Equally enjoyable is the Kantele Duo's Finnish Folk & Favorites (Ondine/Octopus), another single-instrument concept group consisting of Sinikka Jarvinen and Matti Kontio interpreting Finnish and other compositions on the kantele, a 38-string Balto-Finnic harp. But don't expect anything approaching traditionalism here. With that wacky Sibelius Academy whimsy, the duo proves that the kantele can twinkle one moment like a phonograph needle stuck in the middle of The Nutcracker Suite ("Polska 125"), rattle, chug and wheeze on rusty rails on the "Mexican Express," and spin a woozy low-register narrative complete with rain and thunder on "Mickey Mouse Lost at Sea." As irreverence follows caricature, exaggeration, and near-Buster Keaton soundtrack, the Duo stakes a claim not only as excessively talented musicians, but as a two-person repertory review.

On their self-titled KICD-label release, eight-member a cappella "girl-group" MeNaiset plumb the Ingrian folk sources that funster sisters Varttina follow to jollier terrain. These Sibelius Academy alumni perform an ancient song called "Tulkaa Tytot" which is almost identical in melody and arrangement to Varttina's "Sulhassi" (off Green Linnet's Seleniko)--minus the attitude--indicating both how much and how little the V-gals add to their material. Rousing but straight-faced festival songs mingle with dissonance-wracked ditties reminiscent of Bulgarian choral pieces--minus the ecstasy. In fact, if I didn't have the liner notes in front of me I'd swear about half of these compositions were Balkan. The polyphony is impressive and many of the pieces are pretty after a medieval fashion ("Markina-Aato" could be a cautionary British ballad), but the sobriety drags a bit.

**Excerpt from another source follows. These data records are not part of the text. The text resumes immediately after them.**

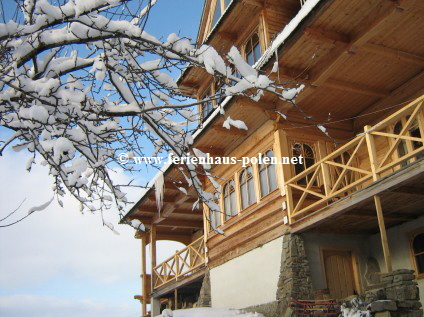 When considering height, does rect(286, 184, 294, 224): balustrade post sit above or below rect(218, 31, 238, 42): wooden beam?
below

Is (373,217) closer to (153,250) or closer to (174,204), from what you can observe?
(174,204)

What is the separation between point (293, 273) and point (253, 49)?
7.22 metres

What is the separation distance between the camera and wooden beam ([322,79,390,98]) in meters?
12.0

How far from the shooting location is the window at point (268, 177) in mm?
12871

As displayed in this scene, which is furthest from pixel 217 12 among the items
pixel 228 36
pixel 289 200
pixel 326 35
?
pixel 289 200

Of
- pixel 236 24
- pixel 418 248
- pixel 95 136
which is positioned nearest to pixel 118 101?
pixel 95 136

Have I mentioned the Sibelius Academy yet? Faculty and students unite in the brooding quintet Troka on another of those eponymous cd that the Finn's can't get enough of--this time for the Olarin Musiiki Oy label. Consisting of fiddler Matti Makela and fiddle/violinist/mandolinist Ville Ojanen of JPP, young accordionist Minna Luoma, aging harmonium maestro Timo Alakotila (last heard here on Maria Kalaniemi's eponymous Green Linnet-label cd), and part time JPP-er Timo Myllkangas on bass, Troka fulfills my European folk music wish-list. Forboding songs with mad, lurching rhythms take shape around a blur of wheezing reeds and unison violins mining midnight textures whose intensity eclipses the occasional sprightly melody. "Balkan," with its Morse-code tempo is one of the choicest selections along with the sawtooth Hungarianisms of "Lazzlo." It's a highly recommended whirl through Finnish and other folk style that should especially appeal to fans of Muzsikas.

The Allman Brothers meet Balkan and Turkish gypsy music on Slobo Horo's Esma (RockaDillo Records), which throws twin lead guitars all over the Macedonian-originating "Ruzin cocek" and folds a Bo Diddley riff into the Bosnian title cut. Not immediately my cup of tea--but by the time "Tombalaci" met up with "Aqualung" on the fourth cut, I started taking the heavy rockisms as a given and listening for the woodwinds and vocals instead. Besides, Esma especially sounded good after another RockAdillo release, the eponymous disc by Wimme, practitioner of the Sami shamanistic joikhing vocal style. Wimme's chilly vocals are compelling but reduced by ambient music backdrops that made me think I had fallen into the computer game Myst. (Now, how do I get out of Channelwood again?) Fellow Lapplanders Angelin Tyott--the Angel Girls--modernize the joikh on Skeaikit (Mipu Music), where the lyrics are appealingly sassy: "There has to be 29 Norwegian girls to equal one girl from Samiland," the Angels crow on "Gouktelogiovcci." But when the boast turned into rap, I turned off the disc.